Keelan and Tisha realized early on that they couldn't afford the higher interest rates they were facing. They didn't want their dream home to get away from them, so they asked their lender if the mortgage was assumable. The realtor found out that it was, so Keelan and Tisha decided to assume the existing mortgage instead of getting their own.

The existing mortgage was a VA loan. Fortunately for Keelan and Tisha, Keelan was a veteran and therefore eligible for a VA loan. They applied to assume the mortgage. Their credit scores were great and their debt-to-income ratio was well below the guidelines. Their dreams came true when they were able to assume the existing mortgage and move into their dream home.

Tabie was new to town and found a cute little house for sale. She was a single mother with three children. Recently, she had gone through nursing school but was unable to obtain her RN license. Instead, she was stuck with her LVN license and a lower income. Her credit wasn't great due to a divorce. The house fit all of her needs and she really wanted it for her children. What could she do?

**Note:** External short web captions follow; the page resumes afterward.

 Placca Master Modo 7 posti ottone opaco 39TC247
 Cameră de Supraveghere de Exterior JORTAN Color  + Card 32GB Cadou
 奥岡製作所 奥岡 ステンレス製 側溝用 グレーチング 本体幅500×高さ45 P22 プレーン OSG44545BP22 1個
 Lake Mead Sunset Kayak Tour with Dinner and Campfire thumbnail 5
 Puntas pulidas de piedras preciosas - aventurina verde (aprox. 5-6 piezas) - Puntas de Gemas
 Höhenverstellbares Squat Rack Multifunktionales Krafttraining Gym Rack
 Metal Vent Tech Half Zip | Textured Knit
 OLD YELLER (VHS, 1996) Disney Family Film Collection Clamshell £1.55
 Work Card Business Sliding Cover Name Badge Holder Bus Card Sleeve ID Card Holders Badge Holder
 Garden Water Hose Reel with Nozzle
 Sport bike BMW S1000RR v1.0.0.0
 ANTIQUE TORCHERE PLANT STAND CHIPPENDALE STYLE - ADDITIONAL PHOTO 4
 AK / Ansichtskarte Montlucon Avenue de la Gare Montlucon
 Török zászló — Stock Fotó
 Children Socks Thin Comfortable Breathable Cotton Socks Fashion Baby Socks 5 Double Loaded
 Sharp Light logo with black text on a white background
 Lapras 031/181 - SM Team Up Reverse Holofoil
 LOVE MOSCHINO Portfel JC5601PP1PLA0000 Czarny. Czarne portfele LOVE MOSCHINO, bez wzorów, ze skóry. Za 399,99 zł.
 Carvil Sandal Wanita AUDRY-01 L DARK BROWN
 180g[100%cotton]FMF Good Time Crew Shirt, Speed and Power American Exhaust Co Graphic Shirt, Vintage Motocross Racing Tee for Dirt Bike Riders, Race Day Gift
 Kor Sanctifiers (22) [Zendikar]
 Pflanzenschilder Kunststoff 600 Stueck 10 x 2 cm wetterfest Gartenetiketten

After speaking to a mortgage lender, Tabie decided to try to assume the existing mortgage on the home. It was a FHA loan. For a week, she worried about whether or not she would be approved. Unfortunately for Tabie, she was not approved. Her credit score was too low and her debt-to-income ratio was too high. She was stuck renting a home until she could pay some bills off and repair her credit. She didn't meet the creditworthiness or debt-to-income guidelines of the lender, so she didn't have access to the money needed to buy the home she wanted.